Me puse de pie con un gemido, vertí agua en la palangana, me mojé la cara y me lavé el resto del cuerpo. A continuación apagué mi sed con el agua que quedaba en la jarra y me puse el camisón. Era agradable notar el tacto fresco del algodón en la calurosa noche de verano.
Me instalé en la vieja butaca acompañada de la bolsa de tabaco, una botella de brandy y un vaso. Garret no tardaría en cansarse de mí, de eso estaba segura. Nuestra relación siempre había resultado demasiado ambigua para él: ni carne ni pescado. Lo llamó follar, y eso me molestó. Pero ¿por qué me molestaba?
Eso, ¿por qué?
Dejé la pregunta a un lado.
El trago de brandy me quemó la garganta. Pensé en el Guy’s Hospital, donde llevaba cuatro años trabajando, desde el mismo día en que llegué a Londres. Pensé en Mary Higgins, una enfermera muy tímida a la que nadie hacía caso alguno. Trabajaba justo encima de mi planta y llevaba más de un año dándome tímidas muestras de afecto. Yo nunca se las devolví, pensando que pronto se cansaría. Pero lo que ocurrió fue que se desesperó y una tarde me siguió hasta mi laboratorio en el sótano. Cuando la oí acercarse por detrás, ya era demasiado tarde. Mary Higgins estaba tan cerca que en cuanto volví la cara me besó en la boca.

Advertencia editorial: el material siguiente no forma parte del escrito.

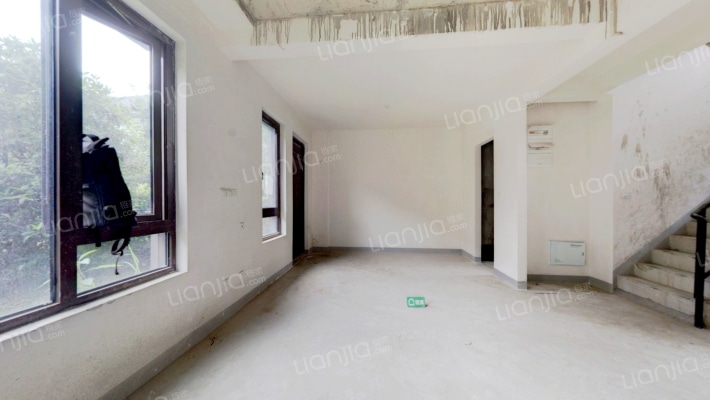 金地水悦堂二手房实景图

Mi reacción fue apartarla de un empujón y rogarle que entrara en razón. Ella se marchó corriendo. Cuando se me hubo pasado el susto, me sentí mal por haberle hecho daño, y me pregunté si este beso le podía haber costado la cárcel también a ella. Pero seguramente no, porque ella no sabía que iba a besar a una mujer.

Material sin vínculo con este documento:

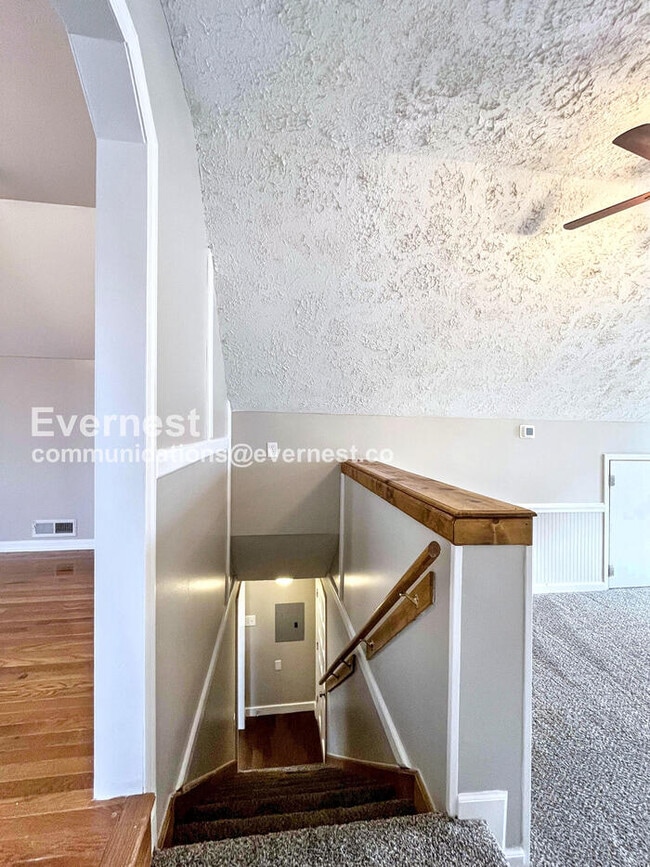 Building Photo - 408 Malibu Canyon Dr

El hecho de vivir disfrazada de hombre me había dado una visión mucho más amplia del ser humano. ¡El ser humano! Ahora podía observar el comportamiento de hombres y mujeres en sus roles tradicionales, porque adoptaba uno u otro papel y me introducía en su mundo, con sus comportamientos y restricciones. A veces tenía la absurda necesidad de proponerles que intercambiaran los papeles. ¿No cambiaría el mundo? Me preguntaba qué cambios habría y me reía al imaginarlo.
Siempre me había hecho demasiadas preguntas, me había imaginado demasiadas cosas. Tal vez por eso era científica, para encontrar razones en medio del caos. Después de todo, nunca me había sentido parte de la raza humana.
Encendí otro cigarrillo y me serví otra copa de brandy. Estaba empezando a refrescar. Me abracé las rodillas y alcé la mirada al techo; las manchas me recordaron la escena con Holmes. Era un hombre muy extraño, pensé, reprimiendo una risotada. ¿Y resulta que la rara era yo? Yo era una mujer disfrazada de hombre, una científica, una doctora a la que en ocasiones recurría Scotland Yard. Estaba intentando resolver un crimen para el que la policía no tenía ninguna pista, y trabajaba en este caso con Sherlock Holmes. Por otra parte, follaba con un ladrón muy habilidoso que estaba convencido de que yo era una enfermera. Y me ponía un pene cogido con unas correas.
¡Era mucho más que insólito! Me bebí de un trago el resto del brandy, arrojé la colilla a la chimenea apagada y me pregunté hasta qué remota orilla me arrastraría la corriente de la vida.